In the span of six hours, we were conversing, asking questions about each other. Two of the ladies spoke English and the soldiers spoke Ukrainian. It was a beautiful moment of understanding as the ladies asked me about my life and profession while translating it to Ukrainian for the soldiers to understand. The two servicemen asked me whether I was married — a query I am familiar with, after all the small talk I engage in with Dubai cabbies.
Within six hours, the six of us knew a little bit about each other. The lady on my left studied English and worked in Lviv; the one across me had been to Africa to volunteer with children; and the two soldiers who didn’t speak English were coming home from the war in Donbass for the first time. That last explained a lot about the soldier seated on my right. He was carrying a bouquet of roses and a cake wrapped in a box with flowers and ribbons painted on it. When I asked (with the help of the women who spoke English) how he felt about the war, his voice was resigned and his eyes fell. I thought his life must have changed, and it saddened me to see how conflict might have traumatised this man in uniform.
The train arrived in Lviv at 10 in the evening. The six of us parted ways just outside the station and Lviv came into view. Despite the dim streetlights, it was different from Kyiv. This is a town that changed hands between the Polish, the Austrians, the Soviets, and finally the Ukrainians.
The following day, the sun shone — a rare sight during the two weeks of autumn that I spent in Ukraine. Morning pierced through the apartment windows and a five-minute walk from the accommodation to the streetcar station was filled with small streets and tall houses with decorative facades. While Kyiv was closer to Ukraine in terms of architecture, the various European influences have contributed heavily to Lviv. One might place its streets beside France’s Montmartre and nobody would bat an eye.
The heart of this city is Ploscha Rynok (Rynok Square). Tourists from all over roam around, sit in cafés and take selfies. The European influence on Lviv really shines in the square, with its cobblestone walkways, lavishly decorated buildings and, of course, good coffee. Lviv is known for coffee and chocolate.
Being a solo traveller is thrilling. Before I set off that day, I made a list of places recommended by Lonely Planet. I found my way to a chocolate factory, which was a short walk from the streetcar station. To get to it, I went around the square — a left here, a right there, as I followed Google’s female voice. I reached the first stop — Lviv Masternya Shokoladu.
Lviv Handmade Chocolate spans six floors: the first where the chocolate is made, the second, third, and fourth where it’s sold, and the last two where they have a café where everything contains chocolate.

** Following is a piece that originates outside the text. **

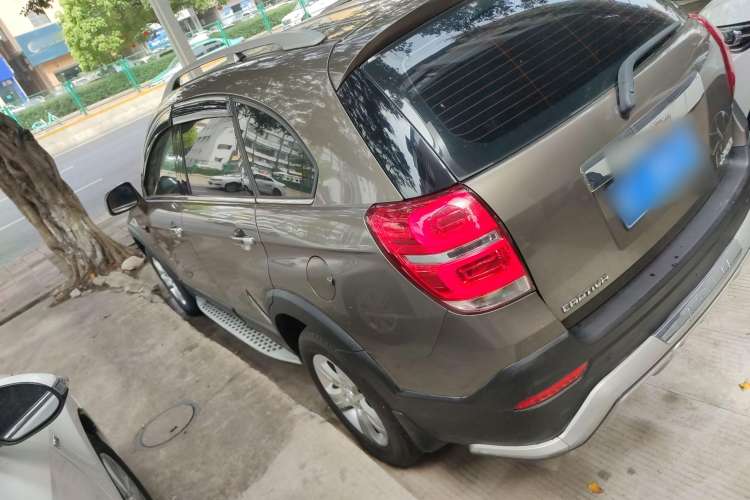 Used Chevrolet Captiva 2015 2.4L Two-Wheel Drive Urban Version 7 Seats Left Side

I sat at a table near the windows of the sixth floor. It was an attic. I remember the flicker of candlelights in that attic and the sun peeking through the clouds as I sipped chocolate tea. When I look back at that moment, I remember Hemingway’s A Moveable Feast, about his time in Paris. In a way, I felt like Hemingway, a stranger in another town writing his observations of the world. The café staff made small talk among themselves and smiled. It seemed as if they enjoyed their work. A couple took selfies at the table to my left. A group of tourists ordered from the menu on my right. The warm, saccharine taste of cacao beans surrounded us all, unifying us despite not knowing each other.
I went back to the square — this time, I knew which way to go. Around the square and its neigbouring streets, there was no dullness. Everywhere there was activity. Street performers sang their hearts out; a couple was doing a photoshoot for their prenup, clad in their wedding attire; batches of children followed their teacher; group tours were being conducted — yours truly was a participant — a free city tour.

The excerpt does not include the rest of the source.